This paper tries to critically analyse the interventions and reforms done by the government in the past to manage inflation and wage growth. An assessment is done of its effectiveness and applicability, pinpointing where improvements can be considered, the recommendations are put forward in the existing policies considering the changing dynamics and potential ways to resolve the spiral


Wage push inflation is an overall rise in the cost of goods and services that results from a rise in wages. This triggers a wage-price spiral eventually as the cost of producing goods and services goes up as companies pay their employees more. Companies must charge more for their goods and services to maintain the same level of profitability to make up for the increase in cost . This idea shows a relationship of causation and effect in which a change in one factor influences the other. Thus, creating a continuous cycle. As the demand for an increase in wages prevails by the workers, it leads to a rise in disposable income availing them of more purchasing power. Thereby, leading to a boost in demand for goods and services which puts pressure on businesses to produce more to meet the escalated consumer needs. The resultant escalation in demand allows businesses to raise their prices, which happens due to limited supply constraints in the short run. 

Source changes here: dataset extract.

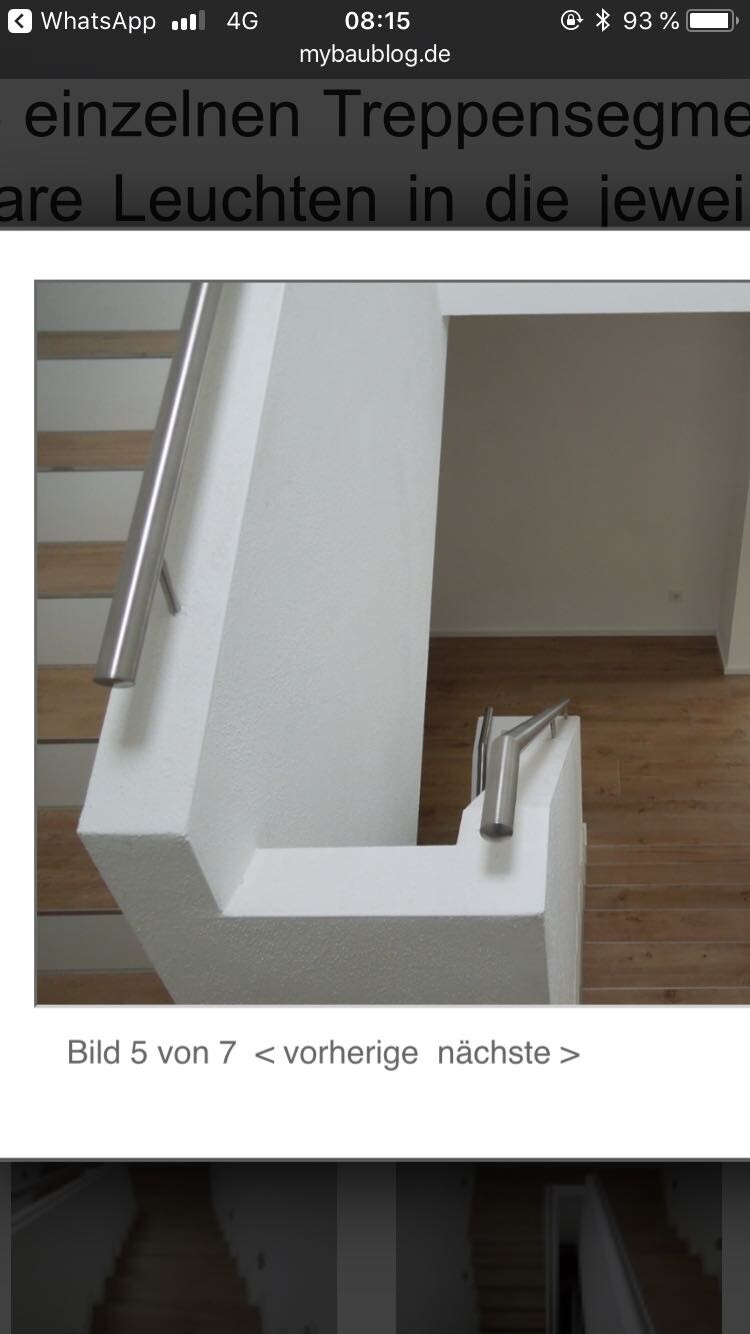 Innenraum-Treppenaufgang mit weißer Betonbrüstung, Edelstahlhandlauf und Holzstufen.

They can do this as the consumers are willing to pay more due to their higher disposable income. Consequently, leading to an upsurge in inflationary pressure as the overall cost of goods and services in the economy rises.  As prices go up, workers may find their current wages not stretching as much, prompting them to demand an increase to sustain their standard of living. Henceforth, businesses face higher production costs because of the increment in wages which they have to pay to accommodate the heightened demand. This reciprocating behaviour where rising wages trigger higher prices, and higher prices, again lead to a growth in demand for higher wages, establishing a theoretical vortex or spiral. This spiral lingers on as each factor influences and reinforces the other.

To summarise, the wage-price spiral majorly accentuates the interwoven link of wages and prices in an economy. It clarifies how changes in one element like rising prices spark off a sequence of events like workers then demanding higher wages that, in turn, impact the other, starting a self-perpetuating loop with repercussions for inflationary trends.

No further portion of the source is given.